We might order a simple urinalysis, which would find new-onset diabetes. But our diagnosis for Generalized / Periumbilical Abdominal Pain will wind up as one of the following Benign Conditions:
** Gastritis can actually be a little more serious than Dyspepsia. It usually occurs in the Epigastric area, where Ulcers also occur, but sometimes can be a bit more generalized. The difference between the two is that on endoscopy, with Gastritis we see inflammation or even bleeding, while with Dyspepsia, the stomach looks completely normal. But treatment (with antacids) is exactly the same.
** Muscle Strain: a common cause of any abdominal pain. If there’s no tenderness while the patient lies relaxed, but there is while they flex their abs (like during a partial sit-up), we’ve made the diagnosis.
“NOT Gastroenteritis” — Why is this in our list? Gastroenteritis is an infection inside the lumen, i.e. the long digestive tube from mouth to anus (see Diagram – Gastrointestinal System). Viruses in the bowel cause prominent diarrhea; bacterial toxins in the stomach cause abrupt vomiting (see Differences Among Germs). Any pain is incidental — it’s not what motivates the patient to seek care.
If the situation is at all confusing to us, here’s a CLINICAL PEARL:
- With Gastroenteritis, the nausea / vomiting or diarrhea begin before the pain.

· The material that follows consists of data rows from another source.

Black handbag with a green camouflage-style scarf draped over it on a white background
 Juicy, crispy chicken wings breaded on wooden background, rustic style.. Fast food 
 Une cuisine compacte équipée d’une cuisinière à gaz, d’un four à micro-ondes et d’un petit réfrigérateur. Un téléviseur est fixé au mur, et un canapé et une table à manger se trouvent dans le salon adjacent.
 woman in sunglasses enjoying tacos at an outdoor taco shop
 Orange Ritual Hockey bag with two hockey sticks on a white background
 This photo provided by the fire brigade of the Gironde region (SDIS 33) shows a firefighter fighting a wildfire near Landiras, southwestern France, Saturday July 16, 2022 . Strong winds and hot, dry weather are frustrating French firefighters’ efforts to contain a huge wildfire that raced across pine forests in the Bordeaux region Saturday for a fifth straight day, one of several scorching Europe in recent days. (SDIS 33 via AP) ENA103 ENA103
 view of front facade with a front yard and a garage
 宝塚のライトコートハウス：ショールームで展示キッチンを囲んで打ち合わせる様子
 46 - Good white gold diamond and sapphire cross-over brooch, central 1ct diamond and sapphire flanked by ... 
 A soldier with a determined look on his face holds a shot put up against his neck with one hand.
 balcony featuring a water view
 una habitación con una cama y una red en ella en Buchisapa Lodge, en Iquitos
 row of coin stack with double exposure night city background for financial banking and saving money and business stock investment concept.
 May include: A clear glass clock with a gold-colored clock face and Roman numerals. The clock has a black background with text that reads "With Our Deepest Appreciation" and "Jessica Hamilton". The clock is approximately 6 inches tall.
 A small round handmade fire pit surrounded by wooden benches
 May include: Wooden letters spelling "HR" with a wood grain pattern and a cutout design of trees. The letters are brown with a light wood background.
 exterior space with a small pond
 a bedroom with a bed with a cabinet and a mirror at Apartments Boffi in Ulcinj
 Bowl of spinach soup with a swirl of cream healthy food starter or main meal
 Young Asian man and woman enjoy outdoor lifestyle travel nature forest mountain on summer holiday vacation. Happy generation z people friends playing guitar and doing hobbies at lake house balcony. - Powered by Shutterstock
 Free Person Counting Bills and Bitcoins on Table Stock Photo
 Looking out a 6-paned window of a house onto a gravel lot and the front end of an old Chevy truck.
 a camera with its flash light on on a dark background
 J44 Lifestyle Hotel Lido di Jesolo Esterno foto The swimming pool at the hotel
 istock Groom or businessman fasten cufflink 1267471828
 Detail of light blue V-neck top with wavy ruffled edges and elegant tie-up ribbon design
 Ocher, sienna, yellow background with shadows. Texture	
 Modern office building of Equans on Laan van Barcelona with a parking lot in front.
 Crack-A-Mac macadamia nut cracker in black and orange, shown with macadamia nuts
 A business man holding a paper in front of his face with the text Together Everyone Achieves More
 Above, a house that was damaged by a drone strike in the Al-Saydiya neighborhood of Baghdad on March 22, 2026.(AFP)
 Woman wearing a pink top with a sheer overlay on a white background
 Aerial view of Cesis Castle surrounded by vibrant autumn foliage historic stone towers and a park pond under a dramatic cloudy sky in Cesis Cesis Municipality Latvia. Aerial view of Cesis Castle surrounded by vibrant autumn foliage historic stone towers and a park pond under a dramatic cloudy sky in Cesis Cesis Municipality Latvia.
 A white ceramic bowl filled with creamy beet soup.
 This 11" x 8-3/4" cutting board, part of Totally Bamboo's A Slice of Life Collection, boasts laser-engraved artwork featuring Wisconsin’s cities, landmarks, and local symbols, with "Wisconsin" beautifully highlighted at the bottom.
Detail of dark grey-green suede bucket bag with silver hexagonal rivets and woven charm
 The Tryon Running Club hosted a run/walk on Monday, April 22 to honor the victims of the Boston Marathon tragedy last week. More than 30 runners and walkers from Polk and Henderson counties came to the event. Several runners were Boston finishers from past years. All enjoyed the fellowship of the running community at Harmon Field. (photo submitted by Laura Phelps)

- When pain begins first (or at the same time as nausea / vomiting), we consider one of the other conditions or organs outside the lumen.
** Early Appendicitis — A perfect example. During the first 24 (maybe 48) hours of appendicitis, a vague pain begins in the upper- or mid-abdomen. A key symptom is loss of appetite. A key sign is subtle tenderness in the right lower quadrant (RLQ), despite every effort of the examiner to distract the patient. We may send such patients home from the office, but always warn them that if nausea begins, or the pain gets worse, or localizes to the RLQ, to go to an ER.